◆ **Your goal**:
Emit a verbatim copy of the lines below from the line with "Vector abstract checkered" through the line with "1/24/96 Slide scanned", excluding pictures and everything outside that range.

◆ **Material provided**:

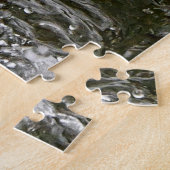 Regenbogenforelle nimmt den Weißwurmfang Puzzle (Seite)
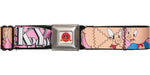 Looney Tunes Porky Pig Name Pink Seatbelt Mesh Belt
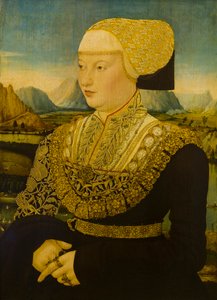 Porträt einer unbekannten Dame von Conrad (attr. to) Faber von Creuznach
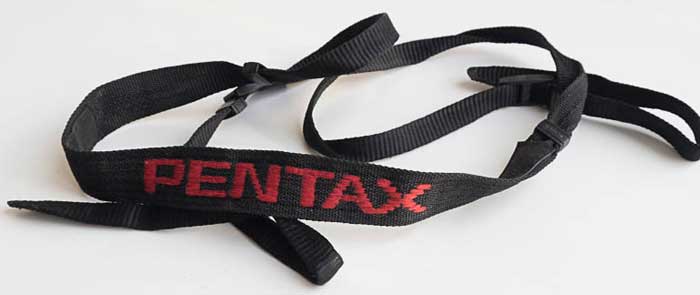 Pentax 25cm logo strap Camera strap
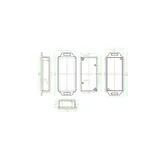 Plastic Project Box Enclosure for FireBeetle - 3.15 x 1.61 x 0.79 inch - Image 5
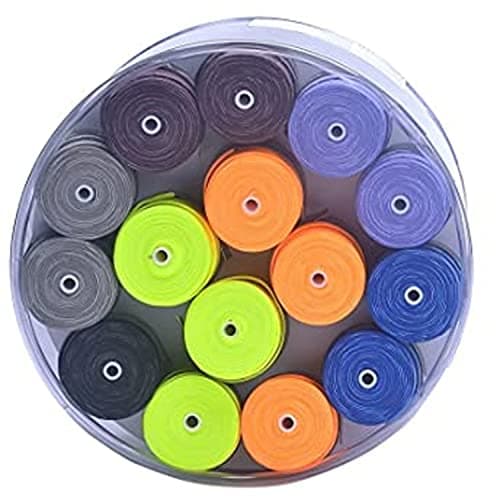 Yonex AC 102EX Pack of 6 Rubber Badminton Grip (Assorted) Badminton Super Grip 5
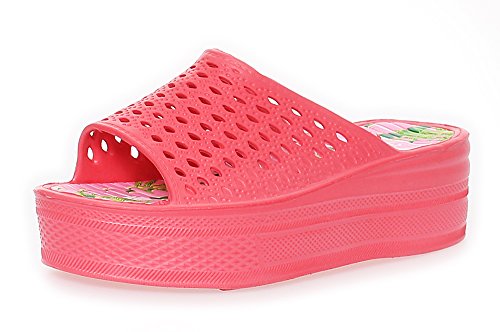 MATYFASHION Damen Slipper Badesandale Strandschuhe mit Plateau Sohle BF 00327 (41, Pink) von Matyfashion Collection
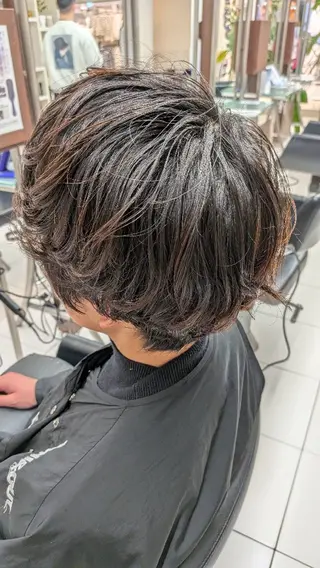 ショート パーマ TONI＆GUY酒井 紅氏朗のヘアスタイル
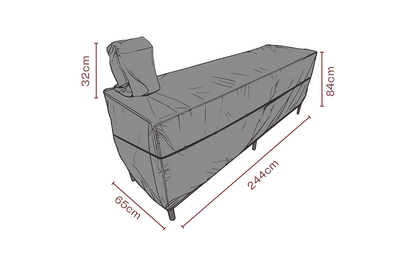 Möbelskydd utekök Svart - Andas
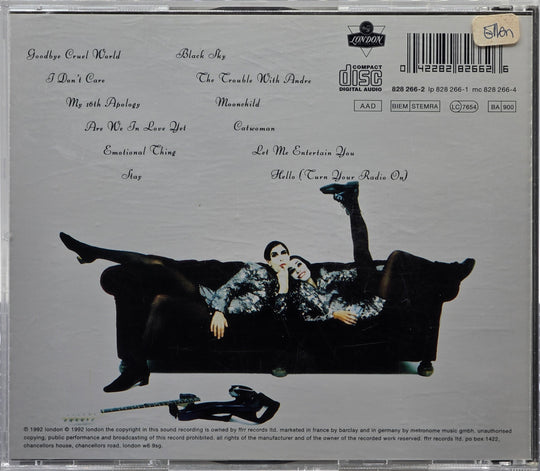 Shakespears Sister. Hormonally Yours. 1992. Musikk-CD.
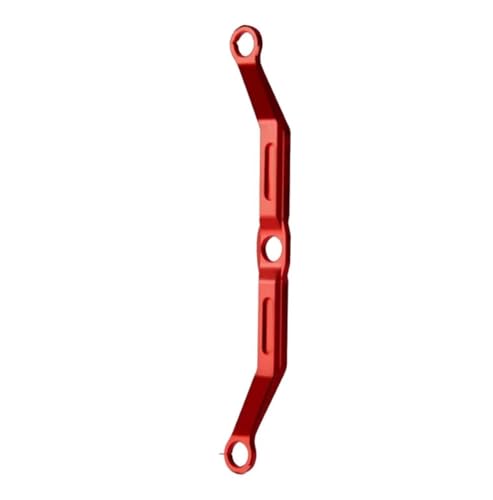 XAQRYQO RC-Links-Gestänge Für Trx4m 1/18 RC-Auto-Tuning-Teilen, Lenkstange Aus Aluminiumlegierung, Lenkgestänge, Spurstange, RC-Auto-Verbindungsstange(Red) von XAQRYQO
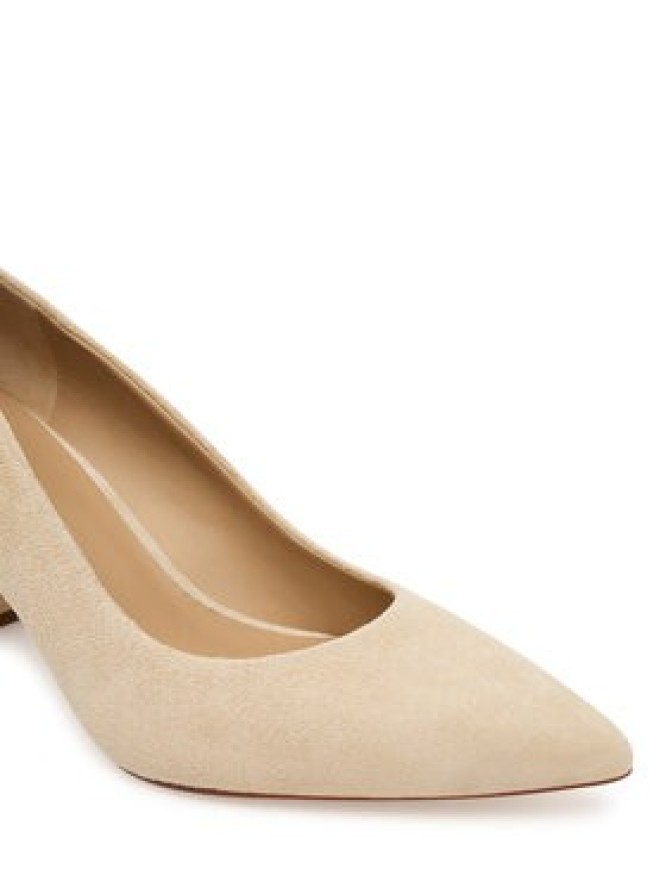 LAUREN RALPH LAUREN Czółenka Kingad 802967743003 Beżowy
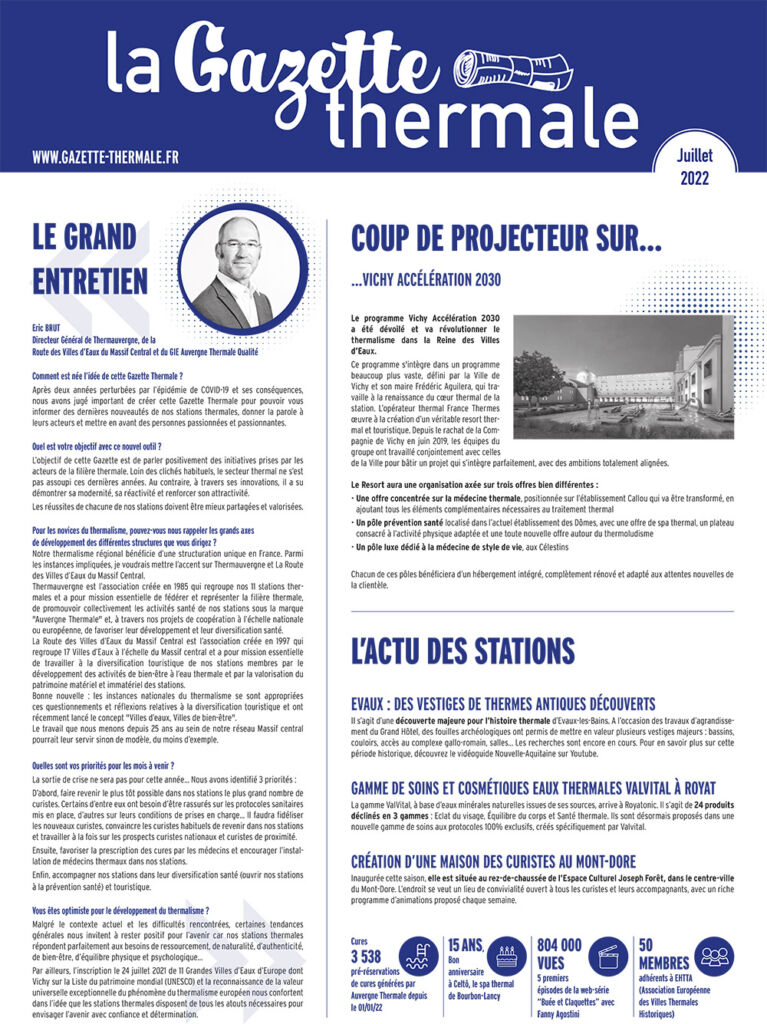 Gazette Thermale / Juin 2022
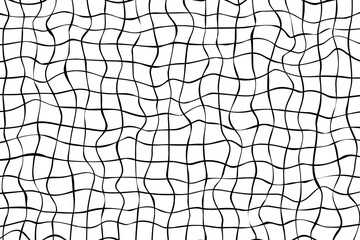 Vector abstract checkered background. Simple backdrop with optical illusion, op art.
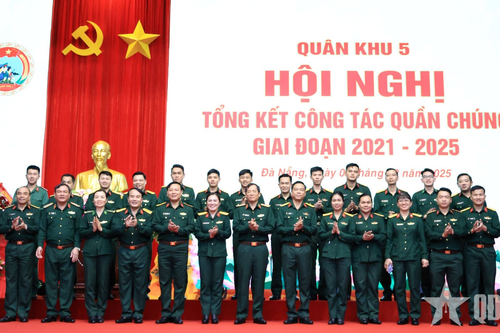 Quân khu 5: Công tác quần chúng giai đoạn 2021-2025 đạt nhiều kết quả quan trọng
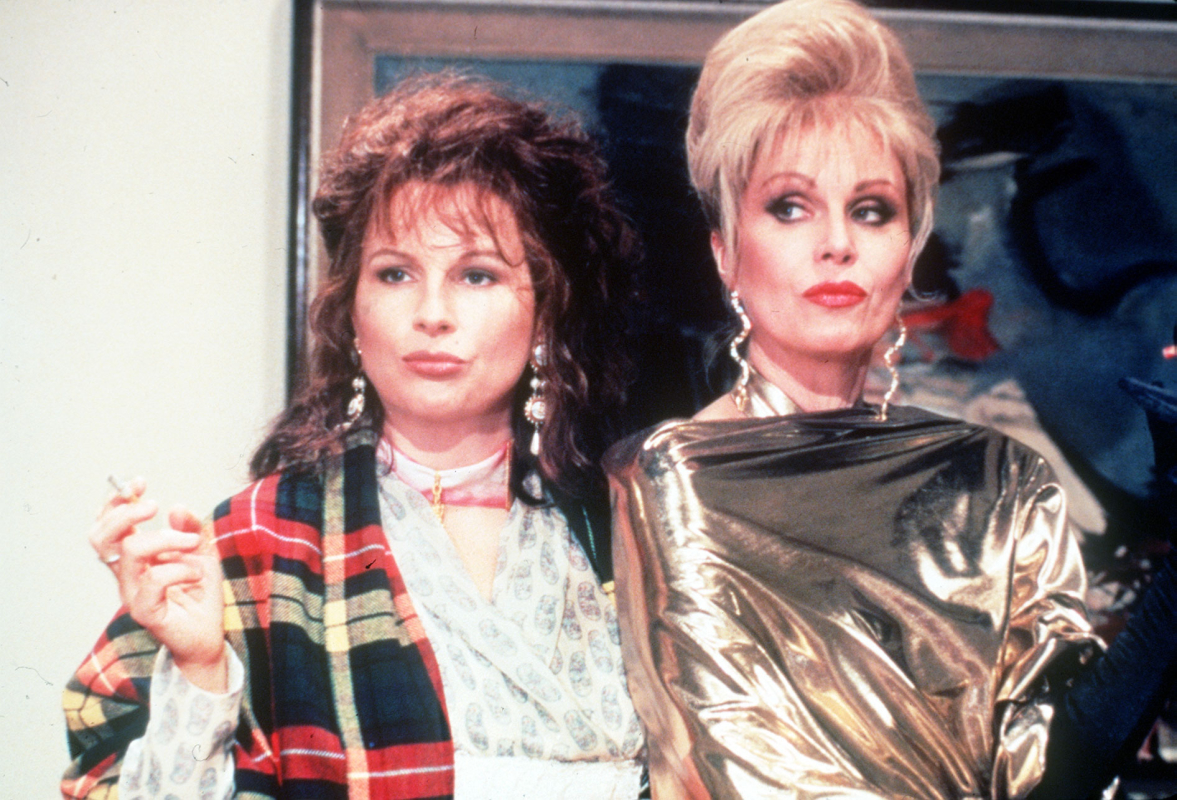 1/24/96 Slide scanned in from the Comedy Central television show 'Absolutely Fabulous'.
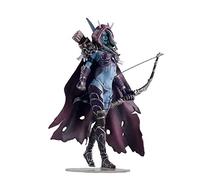 REOZIGN Figurine World of Warcraft Sylvanas Coursevent, Statue PVC de 15 cm en pose debout avec arc, figurines d'action animées de Sylvanas, jouet (base et boîte couleur)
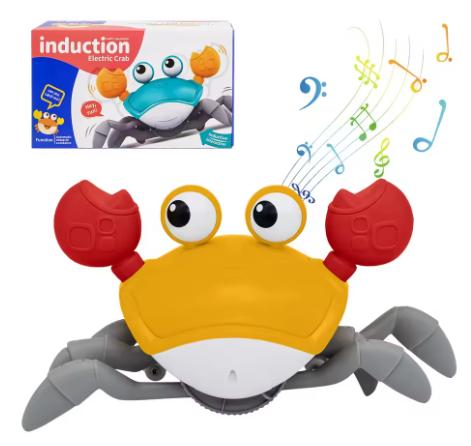 

Популярная электронная игрушка-краб Escape Crab с функцией автоматического определения местоположения, позволяющая детям ползать и избегать препятствий, а также с музыкой.
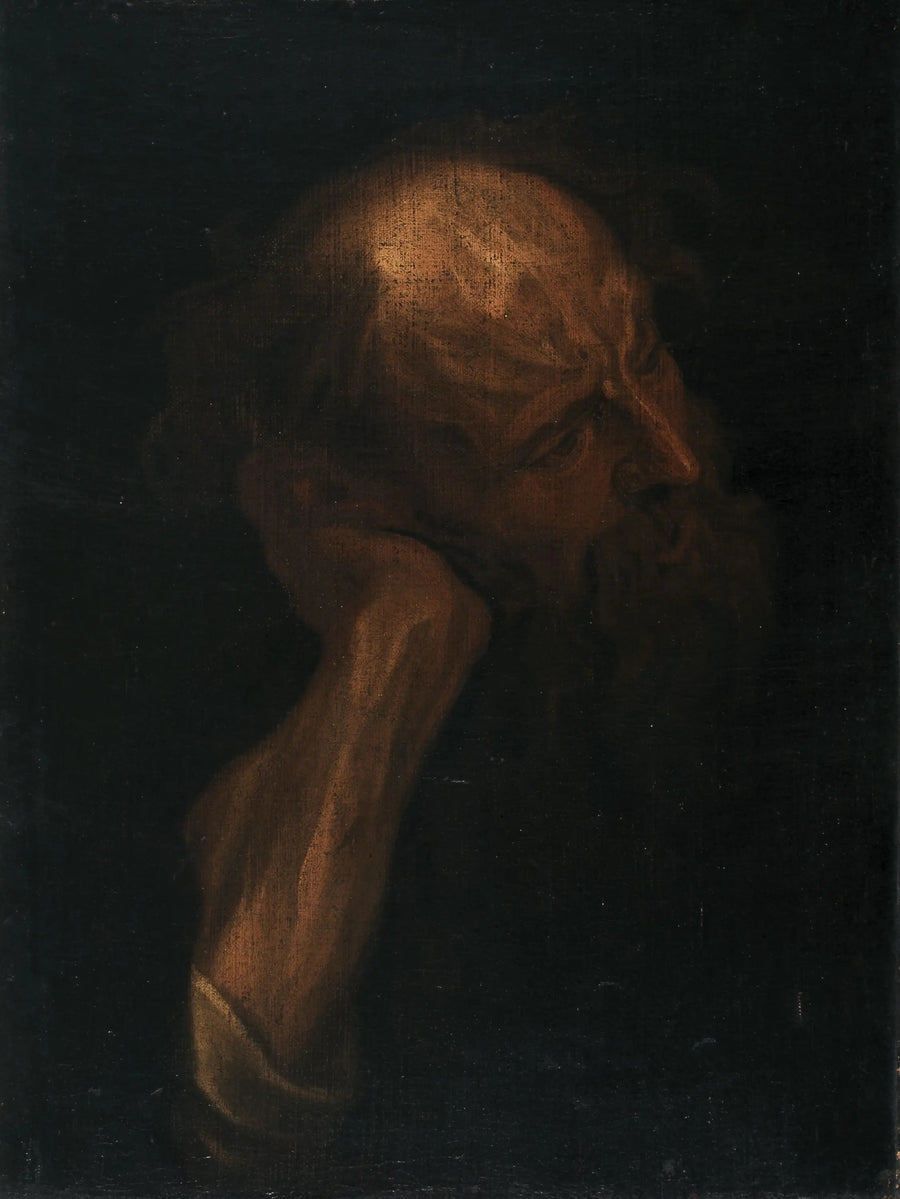 Portræt af en skægget mand - Antoine van Dyck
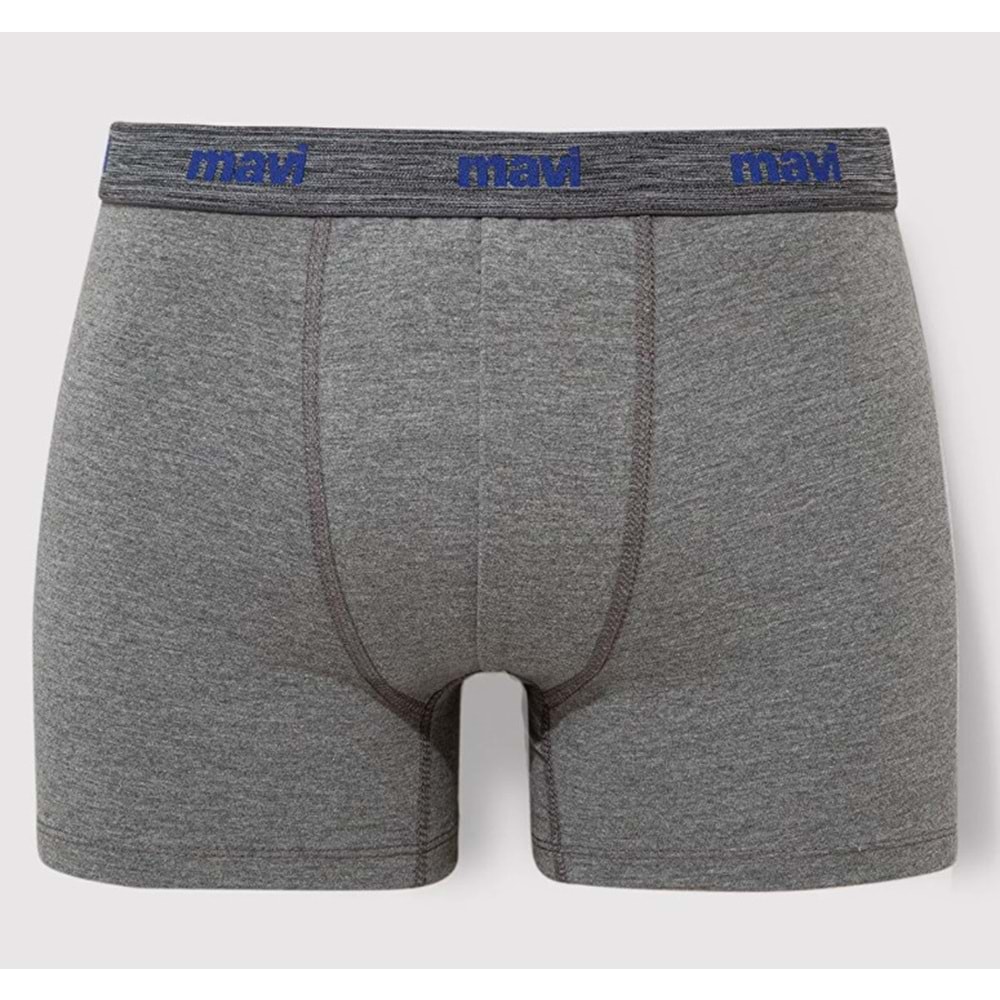 Mavi 3 Adet Erkek Boxer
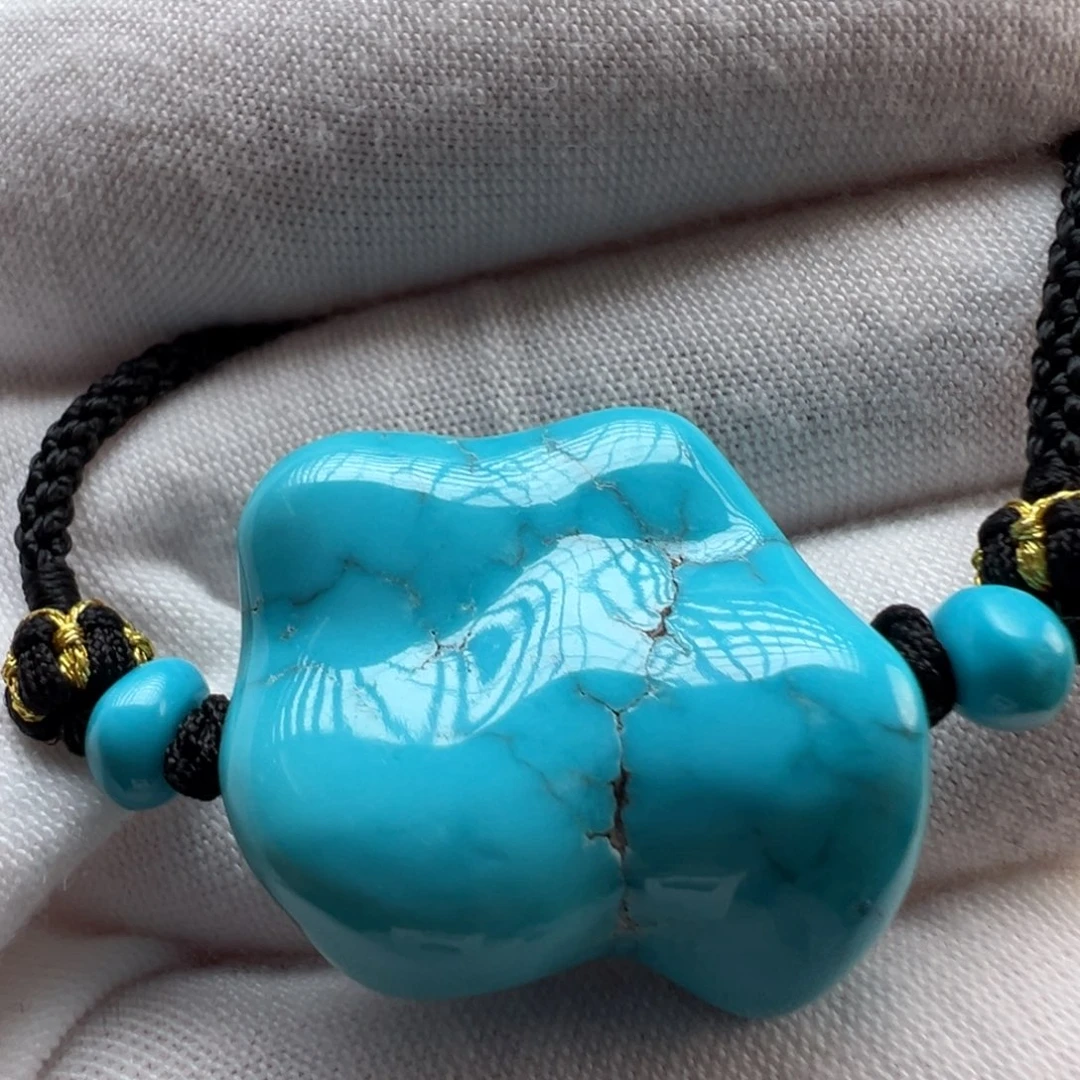 绿松石未镶嵌配饰24.6*25.8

◆ **Written solution**:
 Vector abstract checkered background. Simple backdrop with optical illusion, op art.
 Quân khu 5: Công tác quần chúng giai đoạn 2021-2025 đạt nhiều kết quả quan trọng
 1/24/96 Slide scanned in from the Comedy Central television show 'Absolutely Fabulous'.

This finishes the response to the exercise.